By 2023, ML models are running a lot of processes behind the scenes in most of our daily lives. If you are reading this, there is a good chance that you have been in contact with the outputs of an ML model today, for instance, when you unlocked your phone using facial recognition, or when you played around with a large language model such as GPT.

While the above examples may not be critical applications, ML models are likely used in sensitive areas of your life as well. For instance, ML models are now used to help practitioners to determine treatment strategies for patients, to propose sentence lengths for criminals, or to select job applicants. While mathematical models ideally make the decisions in each of these examples more objective, this is unfortunately not always the case in practice. Famous examples of biased and unfair ML models include:

The COMPAS algorithm predicted higher recidivism rates for African-American criminals than Caucasians with similar criminal records (Angwin et al., 2016).
The job application platform Xing ranked male applicants with similar qualifications higher than female ones (Lahoti et al., 2019).
Google Translate translated English, gender-neutral, sentences to Turkish phrases that carried heavy gender stereotypes, such as "the doctor" being translated to the male form of the noun (Caliskan et al., 2017), as illustrated in Fig. 1.

Figure 1: Google Translate making gender-biased translations. Taken from Barocas et al. (2017). Note: The issue has been fixed since the publication of Caliskan et al. (2017), so you will not be able to reproduce this behavior.

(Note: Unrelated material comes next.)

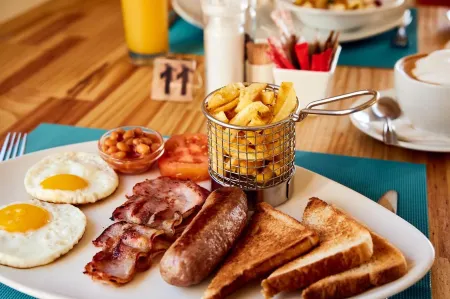 First Group Hole in the Wall Отели в г. О.Р. Тамбо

The reason behind such problematic model predictions is typically the bias of models or data (Mehrabi et al., 2021). There are many types of biases and even more reasons why they can occur in mathematical model predictions. Some of the most relevant biases in ML include dataset bias, or bias due to badly-chosen objective functions that weigh prediction errors more for one group than for another (Suresh & Guttag, 2021). If you want to know more about biases in ML, I recommend an earlier article on our blog that talks about this in more detail.

By 2023, the ML community has recognized the problem and there is an increasing interest in research on how fair model predictions can be guaranteed. For instance, most novel papers from major research companies such as Meta or Google feature mandatory model cards that provide information on fairness-related aspects such as training data distribution. To give you a better understanding of the research of this important subject (and tools that help you in development), I provide a short overview of the current state-of-the-art in this post. The structure of this post is as follows:

Introduction
What is fairness
Common pitfalls
Methods to improve fairness in ML
Best practices
Summary

2. What is fairness?

Before we look at ways in which ML models can be made fairer, I will try to give you an understanding of what fairness means. Fairness is a concept that you encounter in many areas, from philosophy to law and mathematics, and each of these areas has come up with (several of) their own definitions of the matter. Yet, all of these definitions share the same fundamental idea: a fair process shall treat all involved parties justly, and equally.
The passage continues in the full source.